Data in this exercise
........

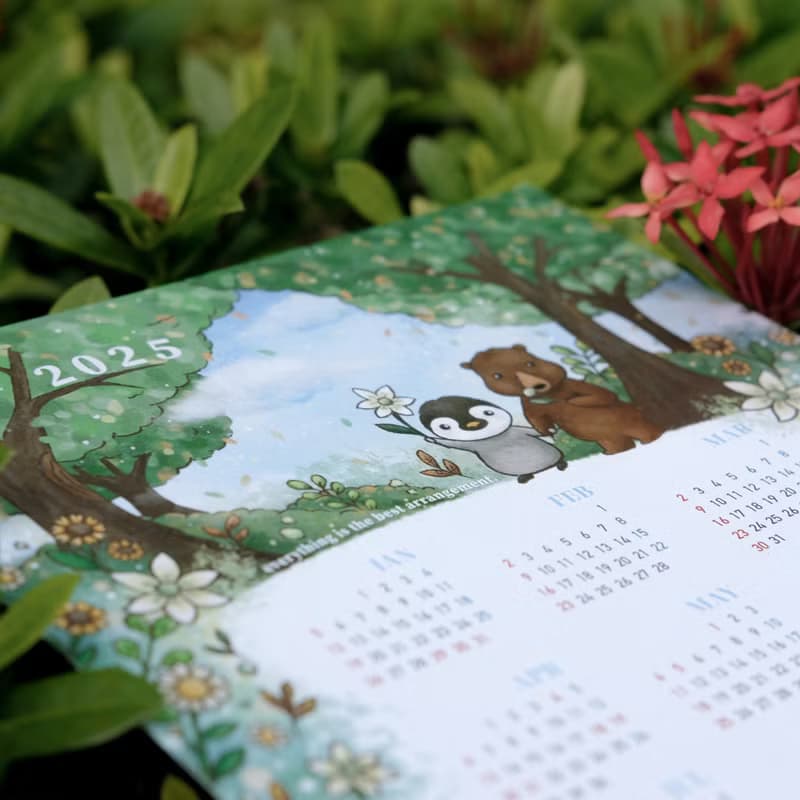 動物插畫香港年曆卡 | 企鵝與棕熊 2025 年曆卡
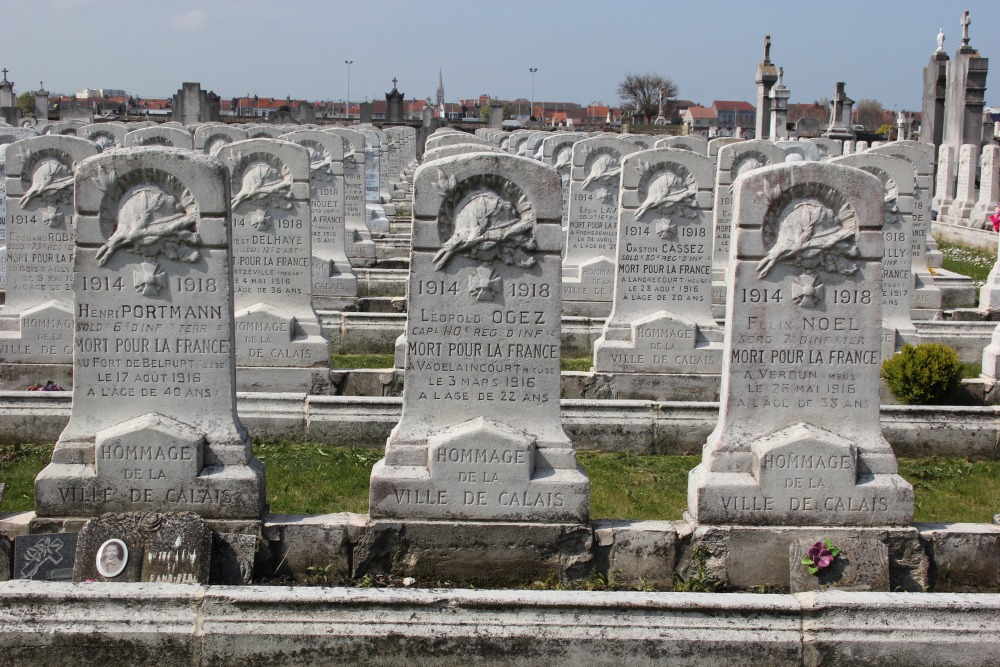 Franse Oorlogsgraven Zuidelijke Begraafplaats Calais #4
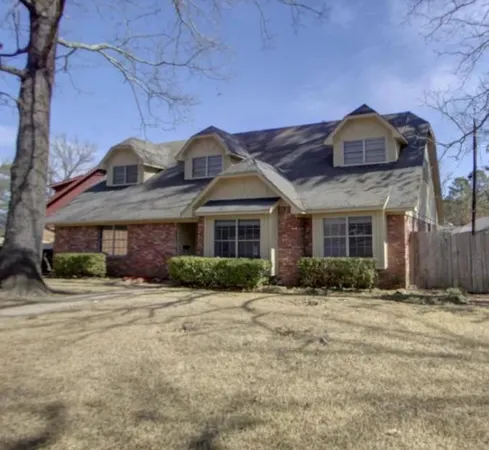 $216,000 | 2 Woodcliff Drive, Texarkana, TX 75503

........

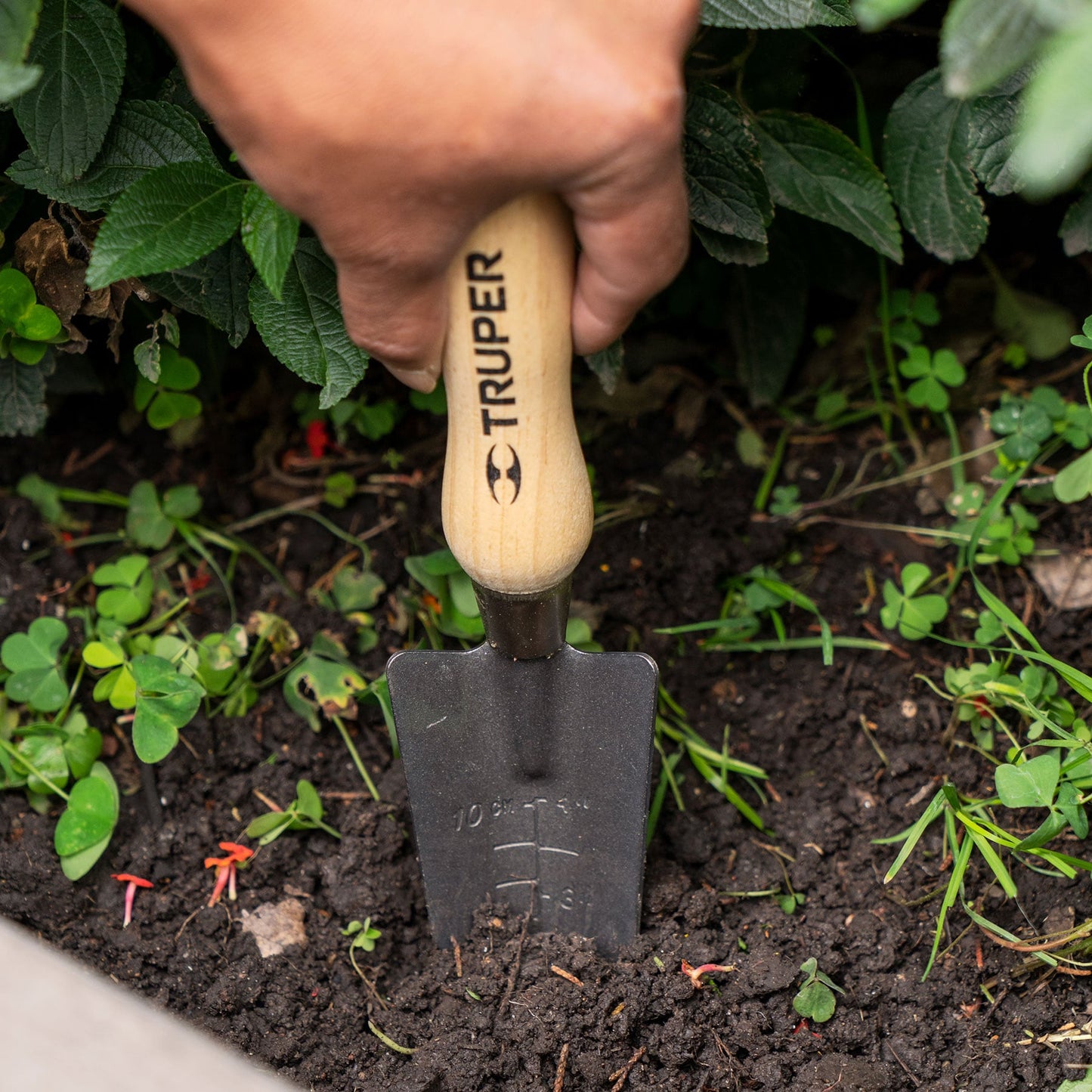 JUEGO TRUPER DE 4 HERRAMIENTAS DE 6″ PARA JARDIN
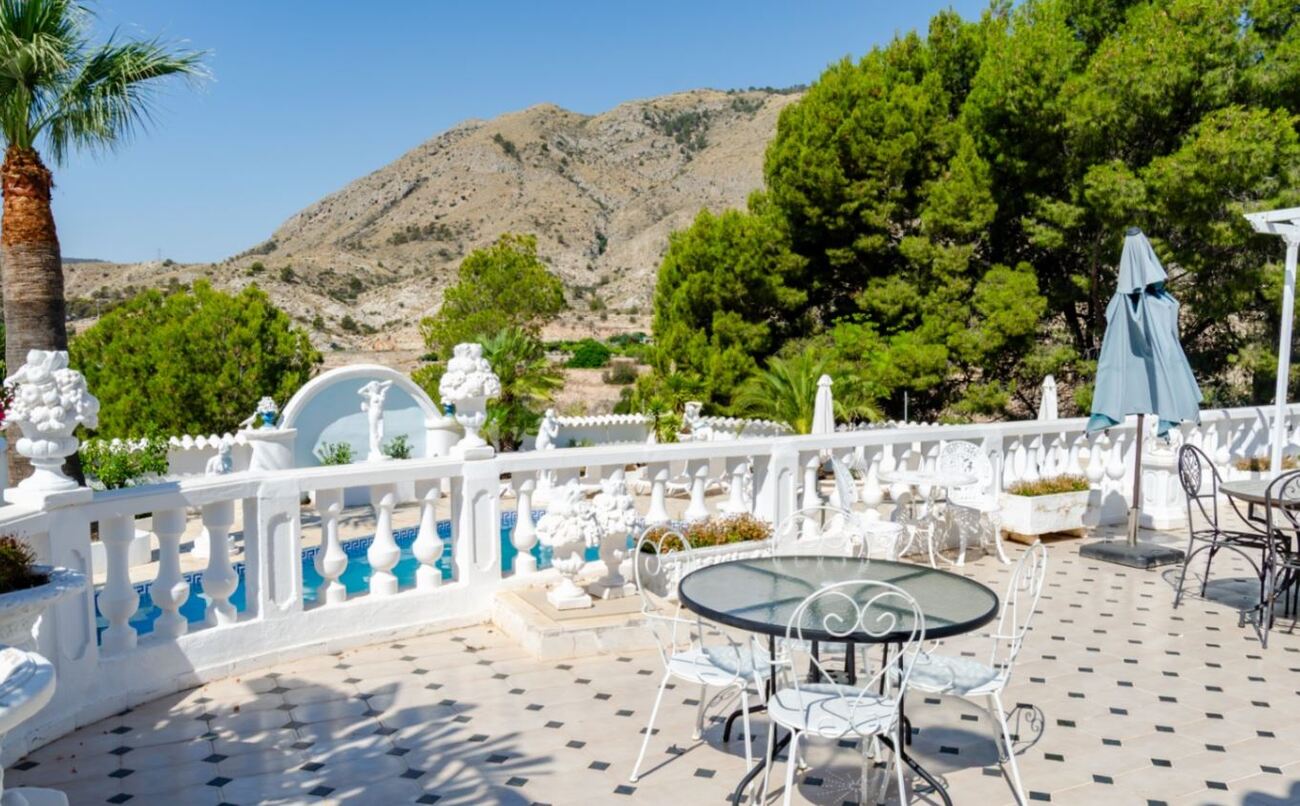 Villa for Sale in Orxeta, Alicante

........

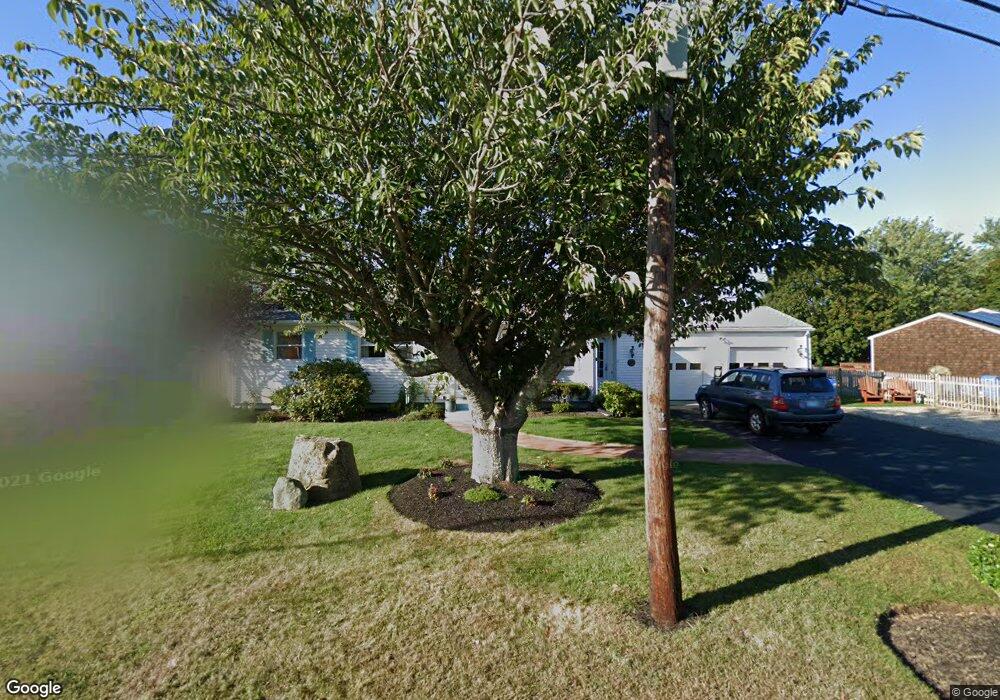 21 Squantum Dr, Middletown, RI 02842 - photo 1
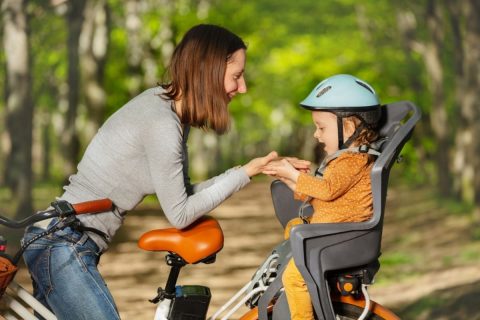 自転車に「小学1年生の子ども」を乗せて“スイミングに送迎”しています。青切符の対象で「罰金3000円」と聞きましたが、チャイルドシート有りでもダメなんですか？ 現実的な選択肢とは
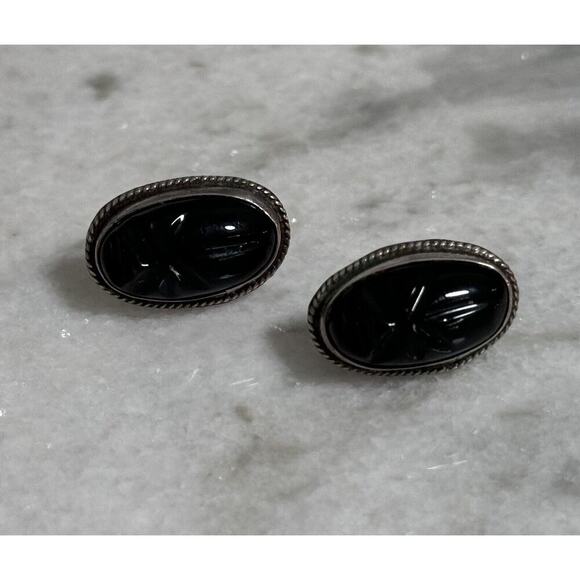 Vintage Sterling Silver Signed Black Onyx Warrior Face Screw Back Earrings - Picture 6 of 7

........

Task brief
What is needed is an exact copy of the lines above, from the one holding "動物插畫香港年曆卡 | 企鵝與棕熊 2025 年曆卡" down to the one holding "Texarkana, TX 75503", with those two included and the pictures left out.

Answer to this task
 動物插畫香港年曆卡 | 企鵝與棕熊 2025 年曆卡
 Franse Oorlogsgraven Zuidelijke Begraafplaats Calais #4
 $216,000 | 2 Woodcliff Drive, Texarkana, TX 75503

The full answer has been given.